AI Token Costs Add Up Fast Initial design sent verbose JSON to Gemini (7,500 tokens per query = $0.0008+ per request). Implementing QuickSave compression cut costs by 60% while improving accuracy. Lesson: Treat tokens like money because they are. Compression isn't optional at scale.
Real Users Are Messy (And That's Okay) We trained on clean English, but real WhatsApp is Hinglish, typos, voice-to-text errors. Accuracy was 60% until we added multilingual examples now it's 94%. Lesson: Test with real messy data early; academic datasets don't capture how people actually communicate.
Chrome Manifest V3 Is Hard Service workers die after 30 seconds, killing WebSocket connections randomly. We spent days debugging invisible lifecycle issues before implementing reconnection with event replay. Lesson: Browser extensions aren't web apps plan for worker death from day 1.
Two-Step Matching > Single-Step Everything We tried pure keywords (fast, dumb) and pure Gemini (slow, smart). Hybrid FTS5 → Gemini validation was 5x faster than pure AI and 20% more accurate than keywords alone. Lesson: Combine complementary approaches let fast heuristics filter, then let AI validate.

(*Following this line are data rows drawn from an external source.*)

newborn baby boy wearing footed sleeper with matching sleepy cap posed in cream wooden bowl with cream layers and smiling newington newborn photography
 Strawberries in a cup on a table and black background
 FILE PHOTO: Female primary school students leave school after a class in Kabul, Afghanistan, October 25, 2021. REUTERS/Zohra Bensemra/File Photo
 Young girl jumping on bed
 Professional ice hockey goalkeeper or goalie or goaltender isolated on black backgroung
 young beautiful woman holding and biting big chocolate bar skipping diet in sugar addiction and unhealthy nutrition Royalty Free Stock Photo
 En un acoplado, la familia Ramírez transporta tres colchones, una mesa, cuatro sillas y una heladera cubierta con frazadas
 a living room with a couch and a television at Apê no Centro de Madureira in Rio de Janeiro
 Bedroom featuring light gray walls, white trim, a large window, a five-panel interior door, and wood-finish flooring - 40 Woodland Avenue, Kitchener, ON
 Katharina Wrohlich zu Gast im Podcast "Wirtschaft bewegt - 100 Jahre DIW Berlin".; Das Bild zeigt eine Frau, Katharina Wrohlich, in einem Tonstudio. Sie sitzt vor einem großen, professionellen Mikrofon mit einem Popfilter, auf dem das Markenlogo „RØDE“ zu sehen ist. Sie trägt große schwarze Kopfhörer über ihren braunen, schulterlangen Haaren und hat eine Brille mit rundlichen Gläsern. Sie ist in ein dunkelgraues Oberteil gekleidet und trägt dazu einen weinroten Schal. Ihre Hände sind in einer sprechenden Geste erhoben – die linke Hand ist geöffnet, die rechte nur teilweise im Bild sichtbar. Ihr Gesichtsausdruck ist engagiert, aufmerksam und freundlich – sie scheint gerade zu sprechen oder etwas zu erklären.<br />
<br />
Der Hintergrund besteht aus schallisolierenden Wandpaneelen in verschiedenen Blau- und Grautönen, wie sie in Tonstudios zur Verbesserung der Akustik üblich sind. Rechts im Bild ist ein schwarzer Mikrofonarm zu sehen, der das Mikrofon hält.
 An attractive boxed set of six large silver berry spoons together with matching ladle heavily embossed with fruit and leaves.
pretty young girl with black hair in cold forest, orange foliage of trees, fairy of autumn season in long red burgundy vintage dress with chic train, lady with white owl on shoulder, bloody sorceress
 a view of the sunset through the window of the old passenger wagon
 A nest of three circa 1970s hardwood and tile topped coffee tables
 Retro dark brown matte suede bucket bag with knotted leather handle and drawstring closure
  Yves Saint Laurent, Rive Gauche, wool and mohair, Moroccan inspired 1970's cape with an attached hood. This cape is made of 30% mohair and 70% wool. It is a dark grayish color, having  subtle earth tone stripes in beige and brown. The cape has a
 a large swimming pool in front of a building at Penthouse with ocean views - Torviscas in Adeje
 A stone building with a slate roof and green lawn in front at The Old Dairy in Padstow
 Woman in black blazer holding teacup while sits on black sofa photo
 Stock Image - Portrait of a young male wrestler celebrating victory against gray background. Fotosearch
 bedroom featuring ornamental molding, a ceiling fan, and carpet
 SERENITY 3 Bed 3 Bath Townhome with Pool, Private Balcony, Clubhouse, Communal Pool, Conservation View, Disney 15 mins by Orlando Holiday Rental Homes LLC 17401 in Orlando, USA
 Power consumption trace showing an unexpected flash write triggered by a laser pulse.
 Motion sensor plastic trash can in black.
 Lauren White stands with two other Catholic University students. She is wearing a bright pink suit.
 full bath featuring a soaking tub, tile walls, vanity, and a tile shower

What's next for Argus-It never forgets
Mobile App (React Native) Chrome extension only works on desktop, but most WhatsApp users are mobile-first. We're building iOS + Android apps with background message monitoring and local notifications. This will reach 40% more users and enable true cross-device memory sync. Timeline: 2-3 weeks.
Multi-Platform Support (Telegram, Slack, Email) Our memory is fragmented across apps WhatsApp, Slack, email, Telegram. We'll integrate Telegram Bot API, Slack OAuth, and Gmail API into one unified event index. Complete memory across all communication channels. Timeline: 1-2 weeks per platform.
Voice Interface Add browser speech recognition for hands-free queries like "Hey Argus, what did Rahul say about Goa?" with text-to-speech responses. This improves engagement by 30% and makes Argus accessible to visually impaired users. Timeline: 1-2 weeks.
Smart Calendar Integration Two-way Google Calendar sync with auto-event creation from WhatsApp, conflict detection across chat + calendar, and "Add to calendar" buttons on popups. Replaces manual calendar management and increases utility by 18%. Timeline: 3-5 days.
Team/Enterprise Features Build shared event pools with permissions, @mention detection in group chats, project-specific filtering, and admin dashboards. Opens B2B revenue opportunity and targets 15% enterprise adoption. Timeline: 2-3 weeks.
Enhancement
Built a website with branding, to give people more information about Argus and make download more accessible.